Example: max_allowed_packet=[Min: 1KB, Default: 4MB, Maximum: 1GB].

It's not just like innodb_buffer_pool_size, the memory allocated is not use for other purpose. With max_allowed_packet, the memory allocated can be used for other threads.

thread_cache_size

​How many threads the server should cache for reuse. When a client disconnects, the client's threads are put in the cache if there are fewer than thread_cache_size threads there. Requests for threads are satisfied by reusing threads taken from the cache if possible, and only when the cache is empty is a new thread created. This variable can be increased to improve performance if you have a lot of new connections. Normally, this does not provide a notable performance improvement if you have a good thread implementation. However, if your server sees hundreds of connections per second you should normally set thread_cache_size high enough so that most new connections use cached threads.

table_open_cache

​The number of open tables for all threads. Increasing this value increases the number of file descriptors that mysqld requires. You can check whether you need to increase the table cache by checking the Opened_tables status variable.

open_files_limit

​The number of file descriptors available to mysqld from the operating system:

  • At startup, mysqld reserves descriptors with setrlimit(), using the value requested at by setting this variable directly or by using the --open-files-limit option to mysqld_safe. If mysqld produces the error Too many open files, try increasing the open_files_limit value. Internally, the maximum value for this variable is the maximum unsigned integer value, but the actual maximum is platform dependent.

  • At runtime, the value of open_files_limit indicates the number of file descriptors actually permitted to mysqld by the operating system, which might differ from the value requested at startup. If the number of file descriptors requested during startup cannot be allocated, mysqld writes a warning to the error log.

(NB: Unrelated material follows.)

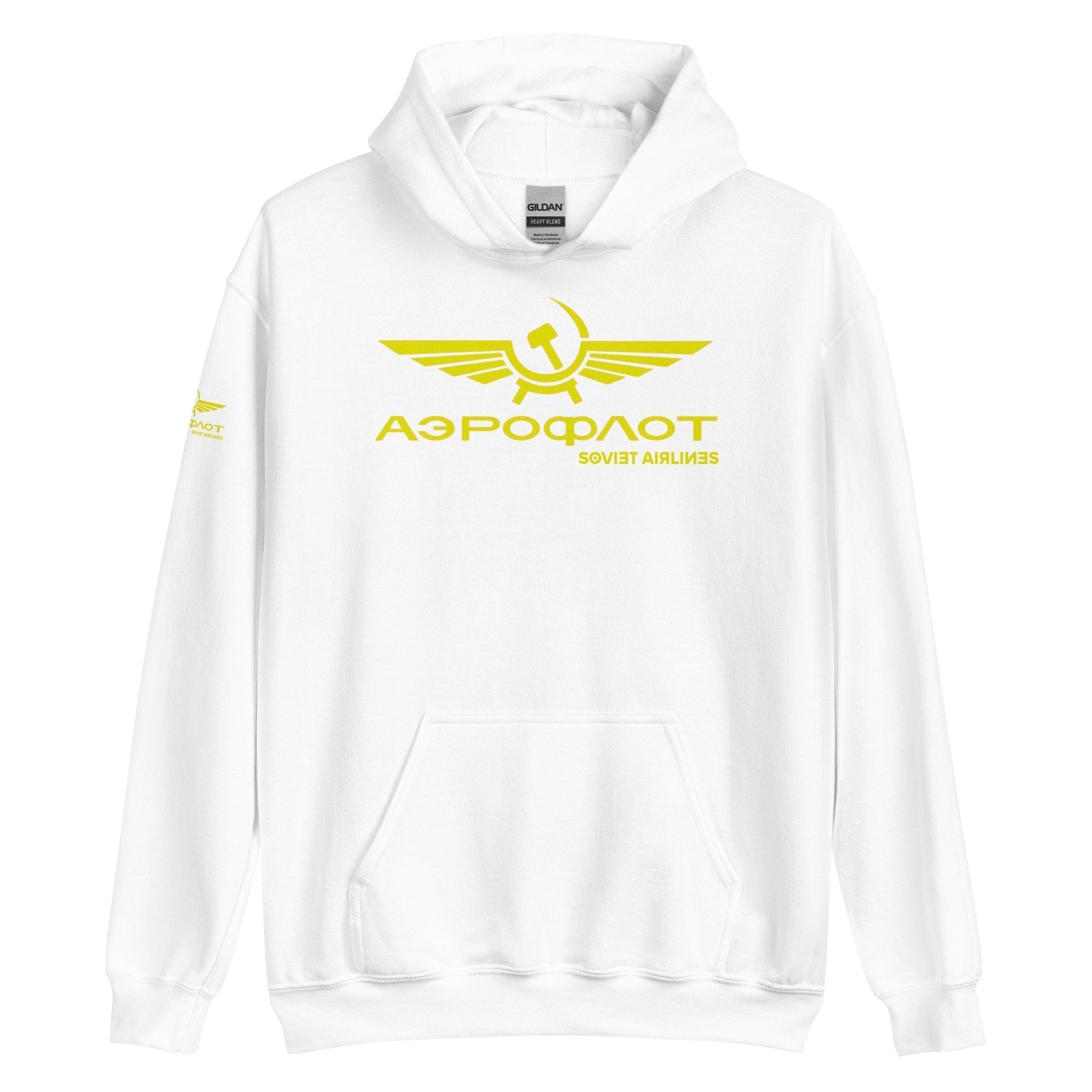 GRAPHIC T-SHIRTS White / S Unisex Heavy Blend Hoodie - Aeroflot Soviet Airlines v.11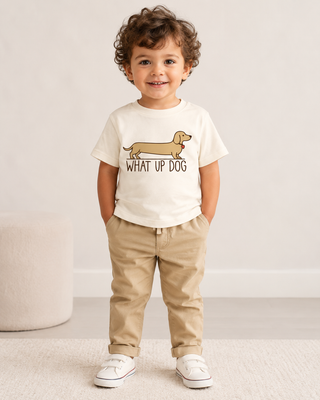 What Up Dog Cream Kids Graphic Tee 63K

The effective open_files_limit value is based on the value specified at system startup (if any) and the values of max_connections and table_open_cache, using these formulas:


  • 10 + max_connections + (table_open_cache * 2)

  • max_connections * 5

  • The operating system limit if that limit is positive but not Infinity.

  • If the operating system limit is Infinity: open_files_limit value if specified at startup, 5000 if not.


The server attempts to obtain the number of file descriptors using the maximum of those values. If that many descriptors cannot be obtained, the server attempts to obtain as many as the system permits.


The effective value is 0 on systems where MySQL cannot change the number of open files.


On Unix, the value cannot be set greater than the value displayed by the ulimit -n command.

innodb_buffer_pool_size

​The size in bytes of the buffer pool, the memory area where InnoDB caches table and index data. The default value is 134217728 bytes (128MB). The maximum value depends on the CPU architecture; the maximum is 4294967295 (2^32-1) on 32-bit systems and 18446744073709551615 (2^64-1) on 64-bit systems. On 32-bit systems, the CPU architecture and operating system may impose a lower practical maximum size than the stated maximum. When the size of the buffer pool is greater than 1GB, setting innodb_buffer_pool_instances to a value greater than 1 can improve the scalability on a busy server.

innodb_log_file_size

​The size in bytes of each log file in a log group. The combined size of log files (innodb_log_file_size * innodb_log_files_in_group) cannot exceed a maximum value that is slightly less than 512GB. A pair of 255 GB log files, for example, approaches the limit but does not exceed it. The default value is 48MB.

innodb_flush_method

​Defines the method used to flush data to InnoDB data files and log files, which can affect I/O throughput.

If innodb_flush_method is set to NULL on a Unix-like system, the fsync option is used by default. If innodb_flush_method is set to NULL on Windows, the async_unbuffered option is used by default.

innodb_file_per_table

​When innodb_file_per_table is enabled, tables are created in file-per-table tablespaces by default. When disabled, tables are created in the system tablespace by default.